Get more Value from Data: Treating data as a product ensures data has the right ownership assigned who are responsible for the quality and trustworthiness of data. It also ensures data is accessible and discovered easily with the metadata and other semantics readily available and better secured with the right policies and security measures
Need for Data Governance in Data Mesh
While Data Mesh has its own set of benefits as data is being managed as data products across different domain data owners, the same benefit comes with certain complexities and challenges which can be resolved by using the right data governance approach
Domains and Data become Siloed
Each of the domains and domain teams while managing data in their way creates issues with data remaining in silos and may not match the standards as set by the organization. The management of data is only restricted to the particular domain and isolated from the rest of the organization. This creates issues with discoverability and contextualization with data replicated across multiple places and trouble with understanding the data. In addition, the quality standards, rules and metrics may not match the global standards leading to inconsistency in the quality of the data.
Integration with New and Different Data Platforms
Given the power, previously with the expert central team moving to domain teams, the effort in integration and exploitation of data from new data platforms will increase. It may be fair to say that the domain teams need the right data catalog that can cover the entire data stack to support in extracting, integrating, cleansing and centralizing all information into a single place for the benefit of both producers and consumers
Difficult to have consistent and trustworthy Data
Different domains have different data quality requirements and rules and hence, they may maintain different methodologies and frameworks to deal with data quality issues which can lead to mismatch in data quality expectations across domains for certain sets of data. Hence it is important to have a federated way of mitigating data quality issues. For e.g. The central team can devise a framework and set of rules and standards for key data sets which then is propagated across to the domains to maintain the level of quality needed for the data across different domains.

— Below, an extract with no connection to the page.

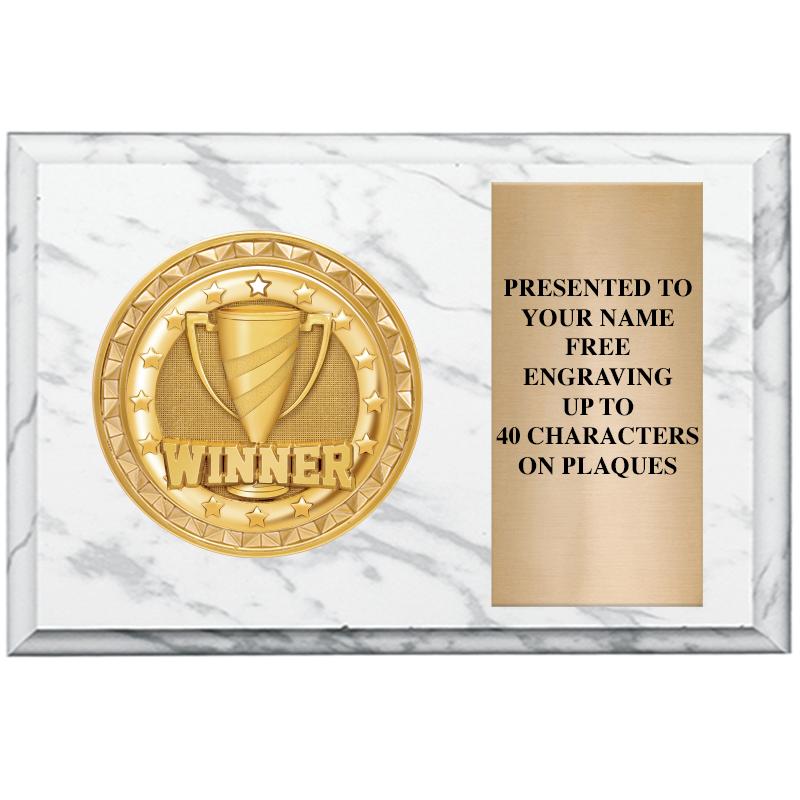 6" X 4" WHITE MBL INSERT PLQ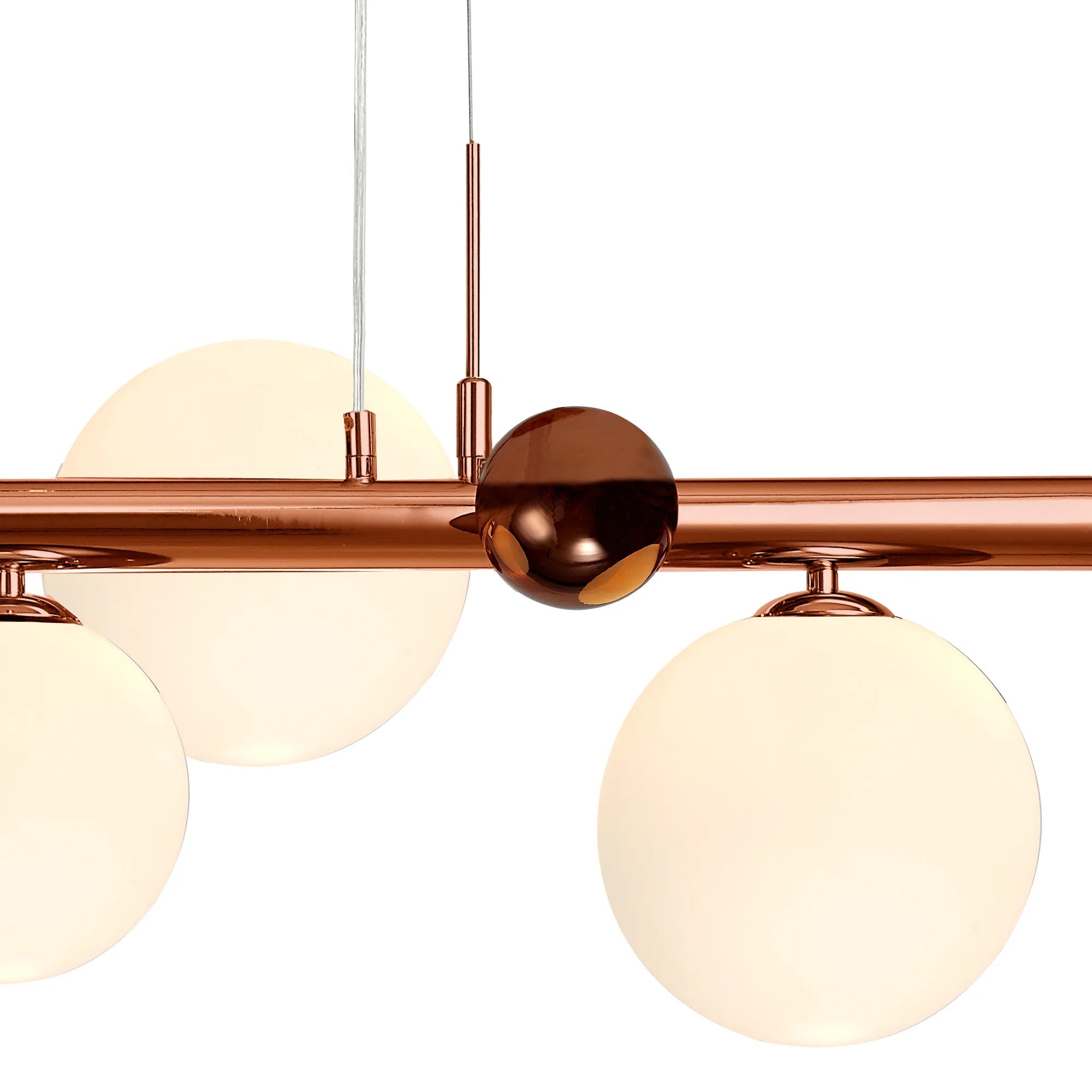 Fabula Roding 7 Light Linear Pendant - Antique Copper, Opal & Copper Glass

How DvSum can support Data Governance in Data Mesh
Covers the entire data and analytics stack
DvSum Agile Data Catalog covers your entire data stack. That includes your data lakes, streaming data, databases, analytics platforms, and your BI Layer. It covers your hybrid cloud, whether your data is on-premise, private cloud, or in AWS, in Azure or GCP. It catalogs your structures data like tables, csv files, compressed data files like parquet, semi-structured data like JSON or DocumentDB and your unstructured data like Media files. Since Data Mesh would involve multiple data products across different domains connecting to various different data sources, DvSum can help connect to each of them and centralize information into a single place to support the producers and consumers utilizing data
Make data more discoverable and addressable
Since data may be replicated at multiple places in a Data Mesh approach, it is important to have a central repository to easily understand and find the data to avoid any anomalies and address any issues. DvSum with its Automated Catalog Curation makes this easy by using machine-learning to automatically classify the data based on universal, industry-specific, or custom entities. Classic examples are Names, Phone Numbers, email addresses, Social Security numbers, and Credit Card Numbers. Classification is done by not only looking at exact or fuzzy column names, but also inspecting the actual values and patterns in the data.
Have Trusted Quality Data
Even if the overall structure is decentralized, organization must have a common framework for managing Data Quality in a Data Mesh architecture. A framework that would consist of the quality metrics, standard rules and bringing in more trustworthiness with the help of data lineage. DvSum with its powerful rules engine can help check data quality for master data, transactional data and data across systems. With its business friendly user interface, it can orchestrate cleansing with the producers of the data. With DvSum you can also correct DQ issues across different categories of data like Master data, Data Pipeline Issues, IoT Data quality issues and Data Drifts in Machine Learning
Maintain Data Privacy & Security
DvSum Data Catalog provides necessary features to tag and classify data as per the data privacy standards including sensitivity of the data and provides an simple way to identify, manage and mitigate risks to avoid any non-compliance to rules and regulations. With powerful data security features, DvSum’s security approach focuses on security governance, risk management, and compliance. This includes encryption at rest and in transit, network security and server hardening, administrative access control, system monitoring, logging and alerting, and more.